Claude can’t update what it hasn’t read. Letting it guess the current state leads to overwrites and lost fields.
Track Multi-Day Work in CLAUDE.md
If a project spans multiple sessions, add state to your repo’s CLAUDE.md:
## Current Work
- aap-selfserv workshop: modules 1-2 done and merged
- Modules 3-5 remaining
- Catalog item created but not yet tested
This survives across sessions and gives Claude instant context, even if you forget to --resume.
The %user% Variable Drift
Showroom uses %user% for dynamic substitution. AsciiDoc natively uses {attribute} syntax. Claude drifts between them, especially after compaction. Add to your CLAUDE.md or compact instructions:
Always use %user% for variable substitution, never {user}
Common Pitfalls
Context Bleed Between Tasks
Problem: You finish an AgV catalog item, then ask Claude to write Showroom content without clearing. Claude puts YAML structures inside AsciiDoc files.
Fix: One /clear between unrelated tasks.
> /clear
> I'm working on the Showroom content for ocp-virt-admin.
> The repo is at ~/work/showroom-content/ocp-virt-admin-showroom/
> Create module 2 following the structure in module 1.
Auto-Compact Loses Your Patterns
Problem: You’re writing Module 4 of a workshop. Auto-compact fires. Suddenly Module 4 uses different heading levels, different admonition syntax, and {user} instead of %user%.
Fix: Compact proactively with focus instructions before auto-compact triggers.
> /compact Keep the AsciiDoc patterns from module-01.adoc,
> the %user% variable format, and the [NOTE] callout style.
> I still need to write modules 4 and 5.
Vague Prompts Burn Context
Problem: “Help me fix the catalog item” – Claude reads 15 files trying to figure out which one. Half your context is gone before it does anything useful.

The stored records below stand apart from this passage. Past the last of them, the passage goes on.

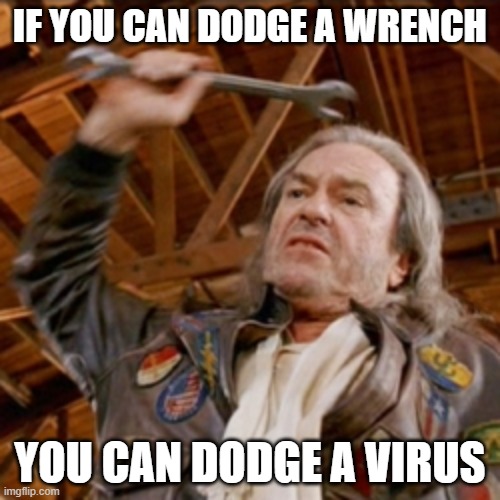 Not Really, but I love Rip Torn...RIP Dude | IF YOU CAN DODGE A WRENCH; YOU CAN DODGE A VIRUS | image tagged in dodge | made w/ Imgflip meme maker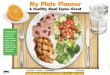 My Plate Planner - Welcome to NYC.gov | City of New York · My Plate Planner A Healthy Meal Tastes Great 1/4 protein. 1/4 starch. 1/2 vegetables. 9-inch plate The Plate Method is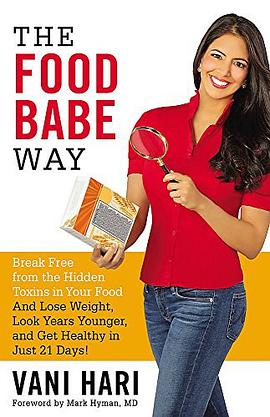 The food babe way : break free from the hidden toxins in your food and lose weight, look years younger, and get healthy in just 21 days! /
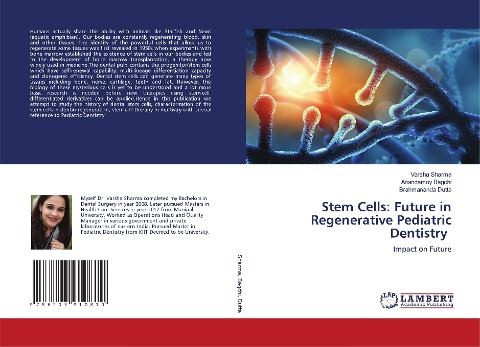 Stem Cells: Future in Regenerative Pediatric Dentistry: Impact on Future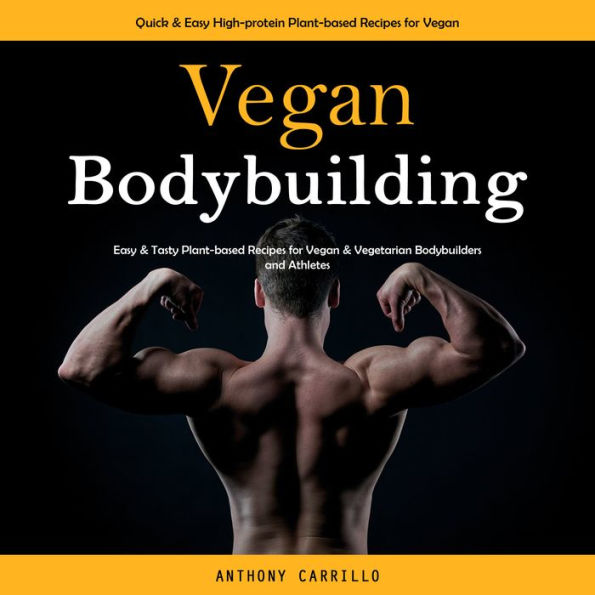 Vegan Bodybuilding: Quick & Easy High-protein Plant-based Recipes for Vegan (Easy & Tasty Plant-based Recipes for Vegan & Vegetarian Bodybuilders and Athletes)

Fix: Be specific. Reference the file. Tell Claude what “fixed” looks like.
> The common.yaml at sandboxes-gpte/AAP_WORKSHOPS/aap-selfserv-intro/
> has an incorrect collection repo URL. The URL should point to
> https://github.com/rhpds/aap-selfserv-collection. Fix it and
> run yamllint on the result.
Correcting Claude Over and Over
Problem: Claude creates feature/aap-update. You say no prefix. Claude creates fix/aap-update. You say no prefix at all. Three corrections later, context is full of failed attempts.

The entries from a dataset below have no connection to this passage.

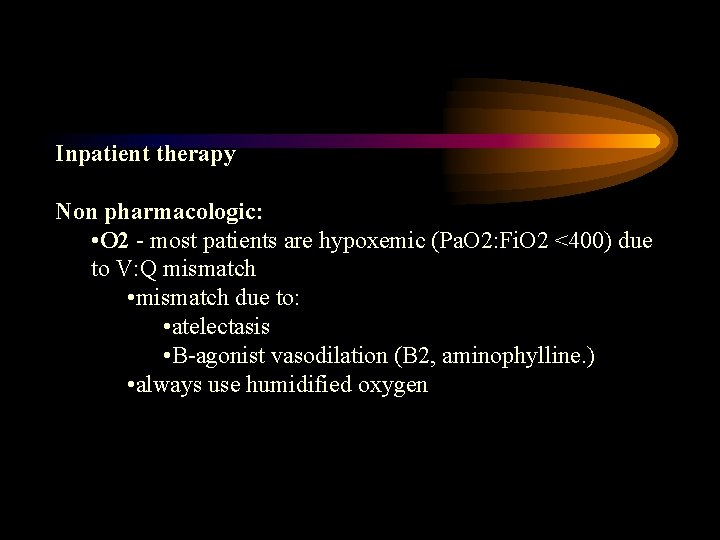 Inpatient therapy Non pharmacologic: • O 2 - most patients are hypoxemic (Pa. O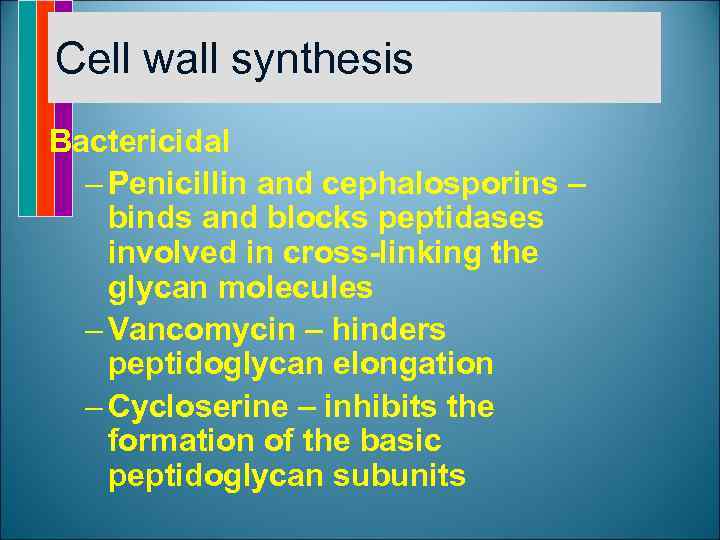 Cell wall synthesis Bactericidal – Penicillin and cephalosporins – binds and blocks peptidases involved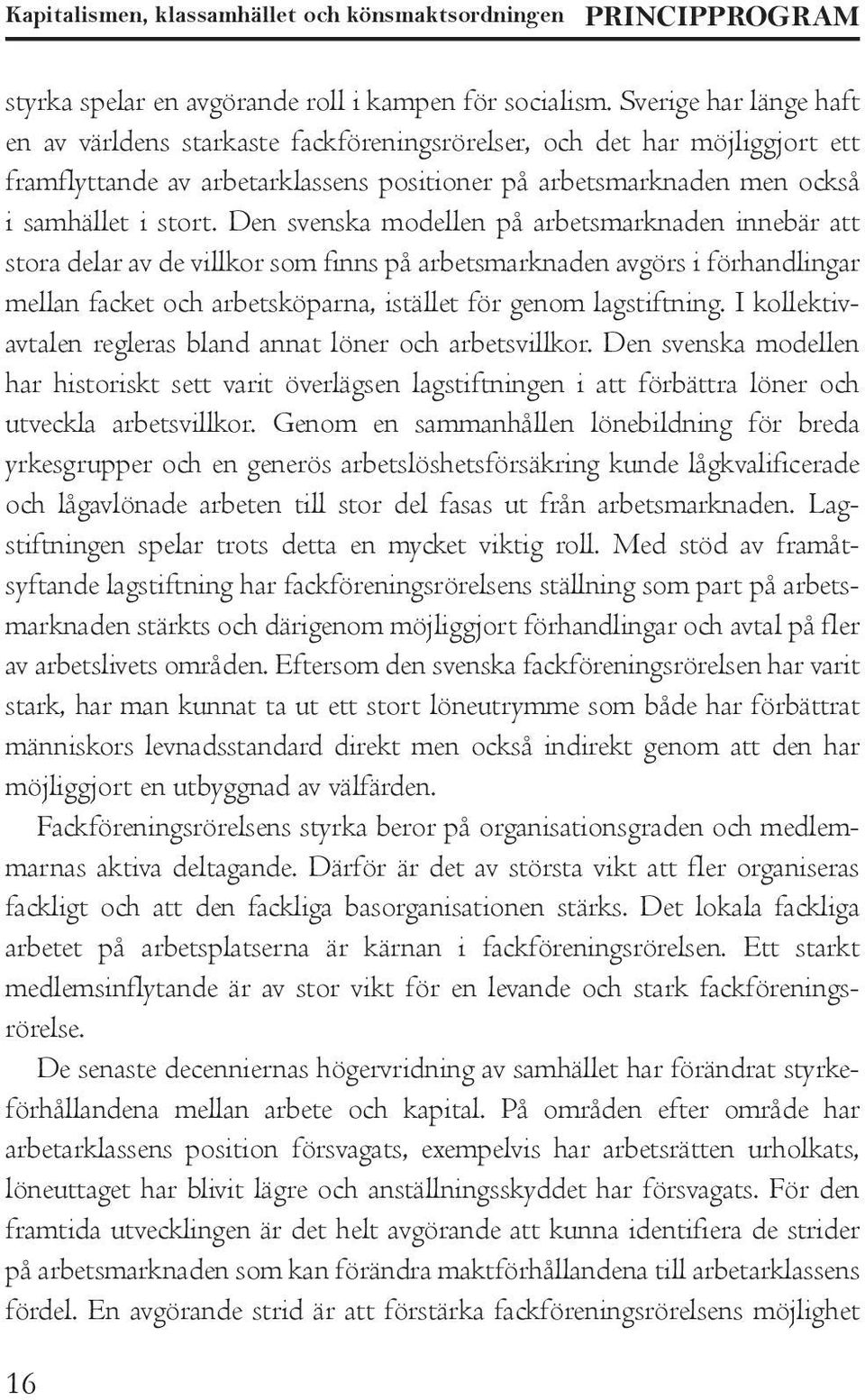 Den svenska modellen på arbetsmarknaden innebär att stora delar av de villkor som finns på arbetsmarknaden avgörs i förhandlingar mellan facket och arbetsköparna, istället för genom lagstiftning.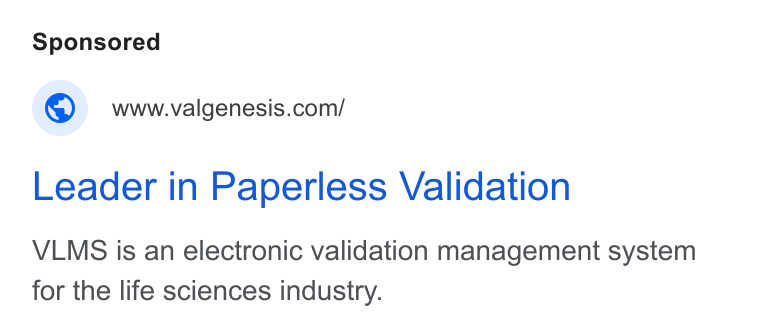 ValGenesis ad on Google Ads: Leader in Paperless Validation VLMS is an electronic validation management system for the life sciences industry.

Fix: After two corrections on the same issue, /clear and write a single prompt with all constraints.
> /clear
> Create a branch called aap-catalog-update from main.
> Update the common.yaml to add the new collection entry.
> Run yamllint to validate.
> Commit with a clean message, NO AI attribution footer.
> Push and create a PR to main.
Not Validating Claude’s Output
Problem: Claude writes a common.yaml that looks right. You commit and push. CI fails because of a duplicate key or indentation error.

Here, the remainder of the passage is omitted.